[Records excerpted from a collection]
--------------------
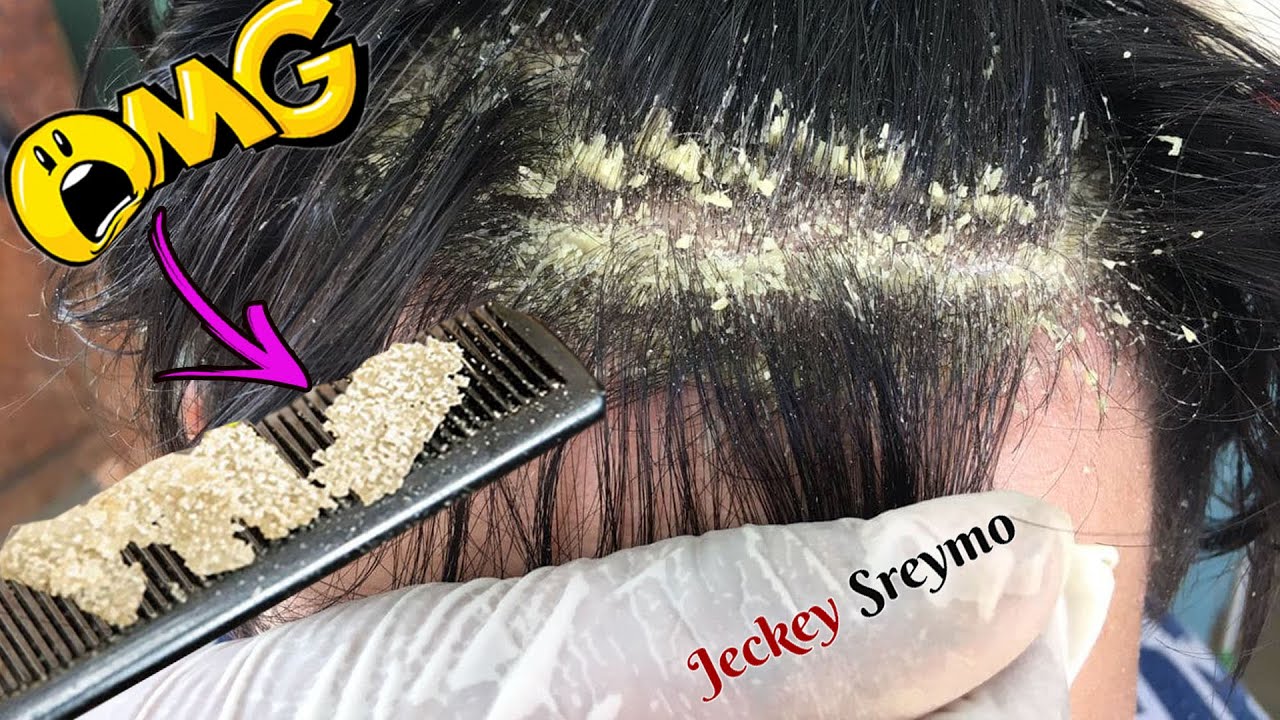 Dandruff Big Flakes Scratching Around Ear 527 YouTube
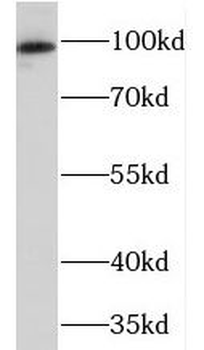 PRKD2 Rabbit Polyclonal Antibody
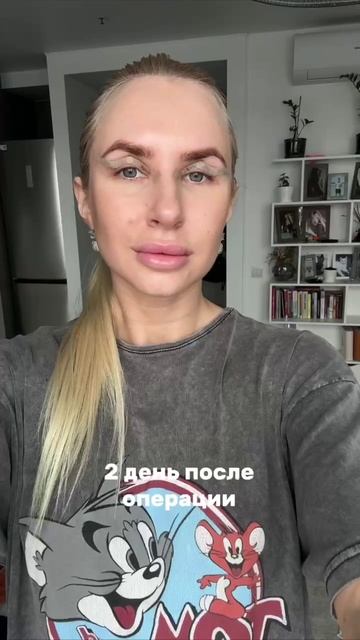 Результаты верхней блефаропластики - как выглядит пациентка до операции и после нее?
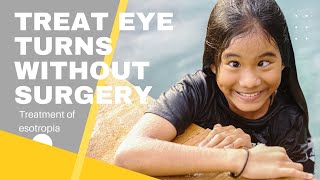 Treatment for eye turns without surgery  Vision Therapy for Esotropia [upl. by Sardse]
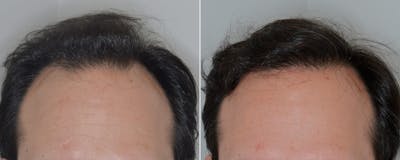 Hair Transplant before and after, frontal.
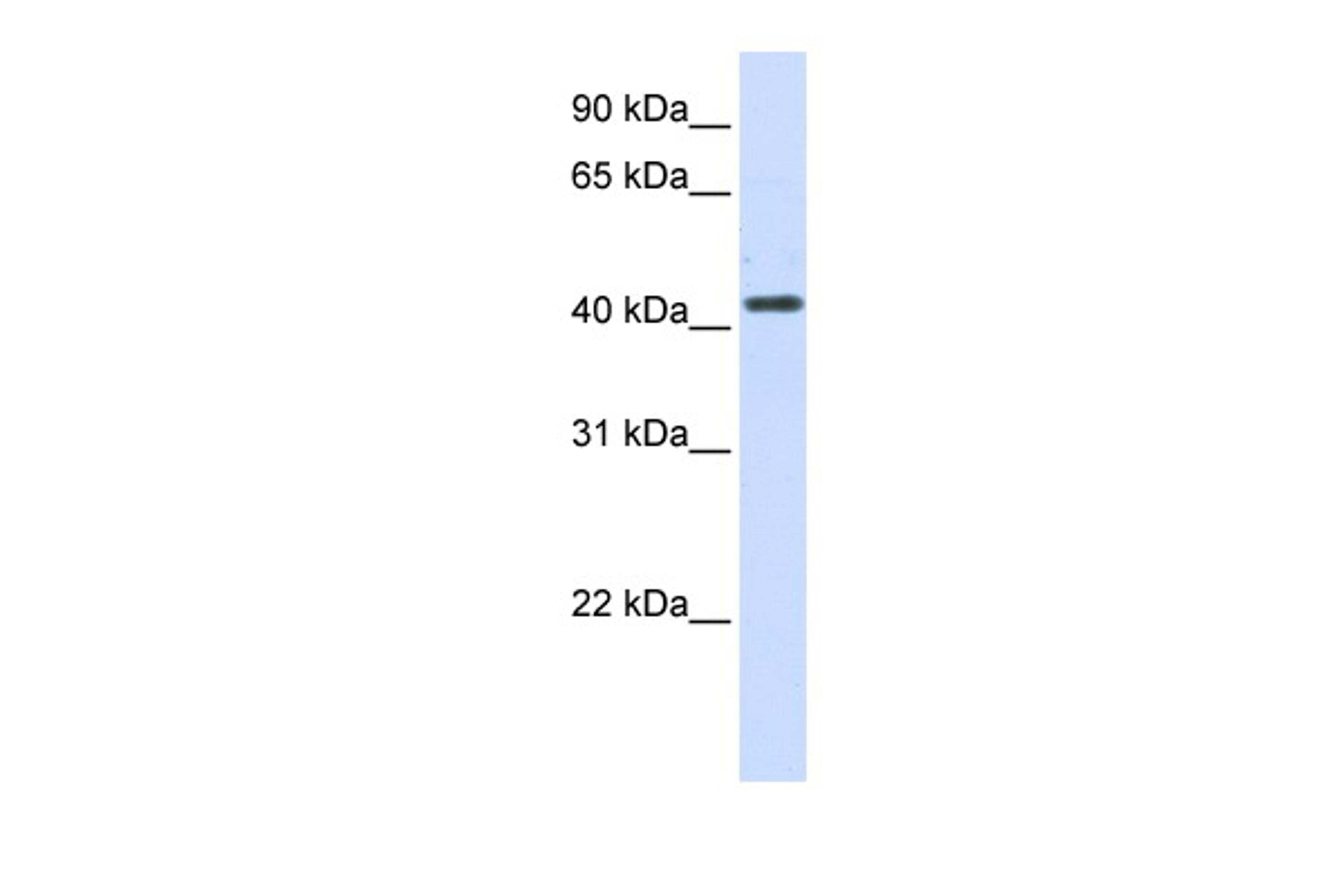 Antibody used in WB on Human 293T at 0.2-1 ug/ml.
--------------------
## INSTRUCTIONS FOR THE TASK
Restate all entries exactly; pictures stay out.

## YOUR RESPONSE
 Dandruff Big Flakes Scratching Around Ear 527 YouTube
 PRKD2 Rabbit Polyclonal Antibody
 Результаты верхней блефаропластики - как выглядит пациентка до операции и после нее?
 Treatment for eye turns without surgery  Vision Therapy for Esotropia [upl. by Sardse]
 Hair Transplant before and after, frontal.
 Antibody used in WB on Human 293T at 0.2-1 ug/ml.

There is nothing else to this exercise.